Karyn Olivier: Seep
The List Gallery is pleased to present Seep, a solo exhibition of mixed media works by the preeminent artist Karyn Olivier. The exhibition, accompanying catalog, and related events are funded by a generous grant from the William J. Cooper Foundation. The artist will lecture about her work on Wednesday, November 1 at 4:30 PM in the Lang Performing Arts Center Cinema. The List Gallery reception will follow, 5:30–7:00 PM. List Gallery hours are Tuesdays through Sundays, Noon–5:00 PM. Gallery admission and events are free and open to the public.
For nearly twenty years, Karyn Olivier has been creating sculptures, installations, and photographs that transform familiar objects and public spaces. She often repurposes materials from the waste stream such as fence posts, buoys, used clothing, playground slides, and roofing materials. Her artworks engage viewers with a range of issues, including the plight of international refugees, the legacy of slavery, the role of public monuments, and unsustainable construction practices. Through engaging with history, contemporary events, and architectural contexts and by deftly transforming everyday materials, Olivier creates works that are poignant, thought-provoking, and at times, whimsical.

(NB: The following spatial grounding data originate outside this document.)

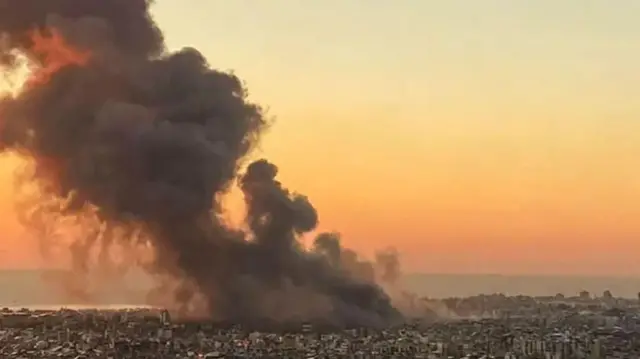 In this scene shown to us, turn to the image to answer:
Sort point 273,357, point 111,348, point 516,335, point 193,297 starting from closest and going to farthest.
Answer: point 273,357, point 111,348, point 193,297, point 516,335

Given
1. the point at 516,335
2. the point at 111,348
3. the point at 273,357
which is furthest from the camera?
the point at 516,335

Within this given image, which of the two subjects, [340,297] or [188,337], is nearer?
[188,337]

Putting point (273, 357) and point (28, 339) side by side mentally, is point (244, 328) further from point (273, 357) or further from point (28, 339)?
point (28, 339)

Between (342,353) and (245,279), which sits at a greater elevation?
(245,279)

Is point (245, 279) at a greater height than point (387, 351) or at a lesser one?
greater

Karyn Olivier was born in Port of Spain, Trinidad and Tobago in 1968, and moved to Brooklyn, New York as a child. She graduated with a BA in Psychology from Dartmouth College in 1989, and a MFA in ceramics from Cranbrook Academy of Art in 2001. Olivier has exhibited internationally including at the Gwangju and Busan biennials; the World Festival of Black Arts and Culture in Dakar, Senegal; The Studio Museum in Harlem; The Whitney Museum of American Art; and MoMA PS1. Her solo exhibitions have been presented at Tanya Bonakdar Gallery, New York; the Institute of Contemporary Art, Philadelphia, and Laumeier Sculpture Park, St. Louis. Her public art projects include Approach, a 52-foot-high permanent installation at Newark Liberty International Airport. Olivier's numerous awards include the Anonymous Was a Woman Award, the Nancy B. Negley Rome Prize, a John Simon Guggenheim Memorial Foundation Fellowship, a Joan Mitchell Foundation Award, a New York Foundation for the Arts Award, a Pollock-Krasner Foundation grant, the William H. Johnson Prize, the Louis Comfort Tiffany Foundation Biennial Award, a PEW Fellowship, a Creative Capital Foundation grant, and a Harpo Foundation grant. She currently lives and works in Philadelphia and is a professor of sculpture at Tyler School of Art and Architecture, Temple University.